Saturday, 17 July 2010

Inception

Here's a thing. This is one of those films that it's maybe best not to know too
much about before you go in. So, in a way, I don't want to review it, I just
want to tell you to go and see it. If that's good enough for you, z out of here
now, and go see it.

If you're still with me, I'll have a crack at recommending it without going
into too much detail.

It is the near future, much like our own era, but for the fact that among other
techs, there is a tech which allows people to share dreams. Leonardo DiCaprio
is a thief who is the acknowledged master in the field of stealing information
from people's heads by using this tech to enter into a dream with them. He is
hired by Ken Watanbe, a powerful corporate type to perform an inception. An
inception is a difficult process whereby you introduce an idea into someone's
head, thinking that it's their own. Cillian Murphy is a guy whose dad controls
a company that's on the verge of a world energy monopoly, and who stands to
inherit. They want him to break up the business empire when he does. The
problem is, inceptions are thought to be impossible.
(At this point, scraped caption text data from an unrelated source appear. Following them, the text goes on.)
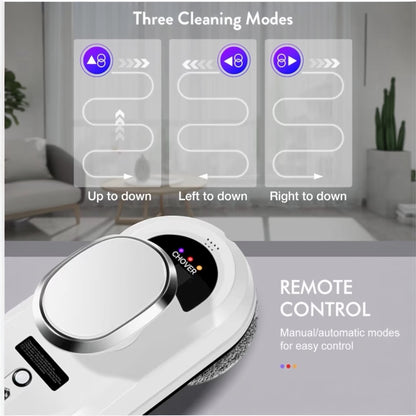 CHOVERY CL.1 Robot Glass Cleaner, Remote Control, Deep Cleaning, Intelligent Edge Detection System, Suitable for Windows, Tiles, Bathrooms (White)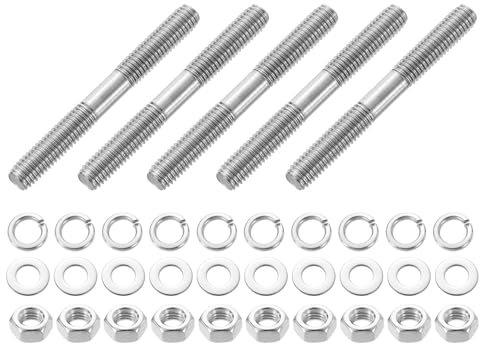 sourcing map 5pcs Double Ended Stud Screws, M8x70mm 304 Stainless Steel Dual Threaded Rod Bolts with Nuts and Flat & Lock Washers Double End Threaded Stud Screw Bolt for House Maintenance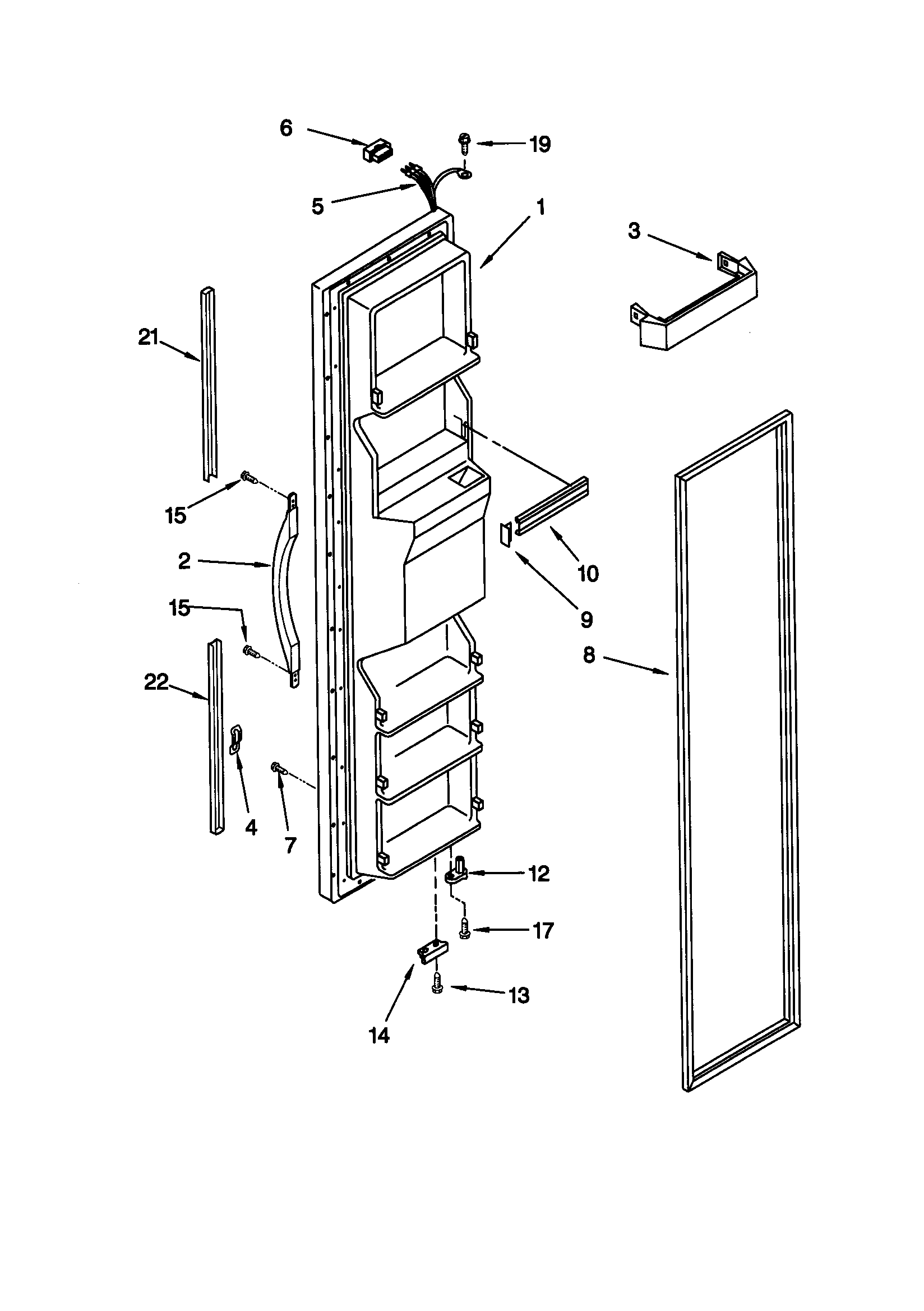 Kenmore 10659222990 freezer door diagram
Only DiCaprio reckons it
can be done, and for the price on offer, is willing to try.

For this purpose he recruits an Ocean's Eleven style band of master
dreamthieves, including a young girl prodigy new to the whole experience, to
break into Cillian Murphy's mind and convince him that he's decided to do this.
Complicating the matter is the fact that DiCaprio is Fucked Up, With Issues,
and these Issues bleed into the dreams sabotaging stuff.
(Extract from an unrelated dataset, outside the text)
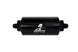 Aeromotive inline fuel filter with AN-6 male fittings, 40 micron stainless mesh element, bright dip black finish.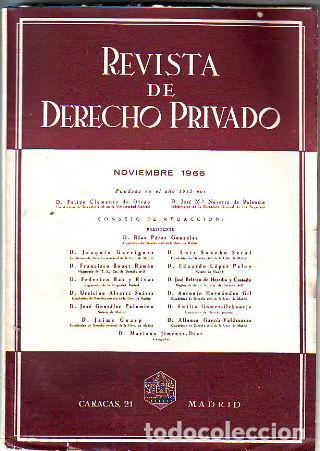 Libri di seconda mano: REVISTA DE DERECHO PRIVADO. NOVIEMBRE 1966. -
So, on the one hand, this is a sort of cross between a crime caper movie and
eXistenZ, and on the other, its a bit Eternal Sunshine of the Spotless Mind.

It's directed by Memento director Christopher Nolan. Which is technically the
same guy as The Dark Knight director Christopher Nolan, but it's the former guy
we're mostly discussing here. In that it's got all that good, chinstroky "what
the hell is going on here" stuff, alongside a pretty taut action thriller.

Talent wise, you've got all the support you need, with Joseph Gorden-Levitt,
Ellen Page, Tom Hardy, Michael Caine, Pete Postlethwaite, and so forth, all
doing what they do best, with all the material they need to do it with.

If I have one criticism for the film, and really, I *don't*, it's that it makes
up some rules for itself about how dreams work which a) I'm not sure make any
sense, and b) they then maybe don't actually obey. On the other hand, maybe
they do, and it's me that needs to see it a couple more times.

I will be seeing it a couple more times.